Using satellite images, public data, and machine learning, the project predicts which areas in Amsterdam face the highest risk of grid congestion, and then uses solar radiation data to explain why those areas are under stress.
Context
The project is a data science and AI application in the energy domain. It combines satellite imagery, geospatial data processing, and machine learning to solve a real-world classification problem: predicting grid congestion risk from publicly available spatial data.
The work involves processing multispectral satellite images, extracting features through spectral indices, integrating multiple open datasets (CBS statistics, Liander energy data, EUMETSAT radiation data), and training a supervised learning model to classify areas by risk level. It falls within the HBO-ICT field of applied AI and data engineering, using Python, Jupyter notebooks, and web technologies to turn raw satellite and tabular data into an interactive analytical tool.
Results
Product Outcomes
The project delivers a complete AI pipeline that predicts electricity grid congestion risk from satellite imagery and public spatial data. A machine learning model analyses Sentinel-2 satellite images of Amsterdam, extracts spatial features like vegetation density and urban surface cover, and combines them with demographic statistics to classify each 1x1 km area as low, medium, or high congestion risk. A second pipeline estimates solar radiation from Meteosat weather satellite data and overlays it on the same map. The results are presented through an interactive web application where users can explore congestion risk, solar radiation patterns, and the underlying spatial factors for any area in the study region.
Key Insights
The central finding is that solar radiation is identical across all of Amsterdam. Every neighbourhood receives the same amount of sunlight. Yet congestion risk varies dramatically between areas. This proves that grid overload is not a natural resource problem but a human infrastructure problem: it depends on how many solar panels people install and how much electricity they consume, not on how much sun their neighbourhood gets.
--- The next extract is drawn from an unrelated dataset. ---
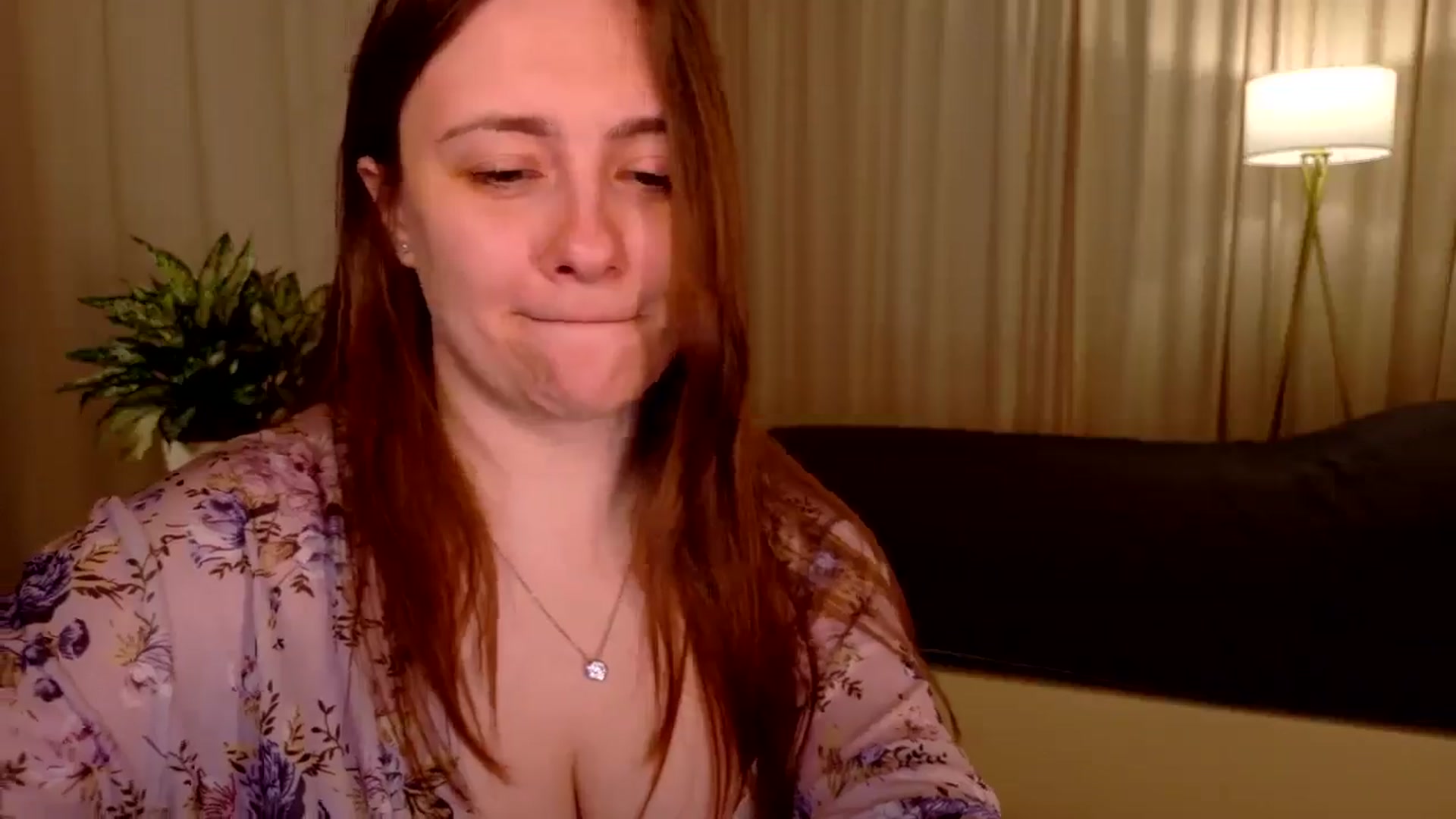 Gallery image thumbnail from QueenOfTease_'s myfreecams stream on, 04/09/2026, 06:01 image 11 of 20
The combined analysis classifies congestion zones into two types: areas where the grid is overloaded by electricity demand, and areas where the grid is overloaded by solar panels feeding power back into cables that were not designed for it. Each type requires a fundamentally different investment strategy, and the tool identifies which solution fits which area.
Validation
The model achieves an F1 score of 0.578 on cross-validation and 0.55 on temporally held-out satellite data, confirming it learns real spatial patterns rather than noise. Predictions show broad spatial agreement with the official Dutch grid capacity map published by Netbeheer Nederland. Radiation values are consistent with national reference measurements. All analysis uses only publicly available data and open-source tools, making the methodology fully reproducible.
TRL Positioning
The project is positioned at TRL 4: technology validated in a laboratory environment using real data. Two working pipelines process actual satellite imagery and climate data for Amsterdam, producing validated spatial predictions. An interactive prototype demonstrates how the outputs can support energy planning decisions. The path to TRL 5 involves evaluation by grid operators and testing the methodology on additional cities to confirm it generalises beyond Amsterdam.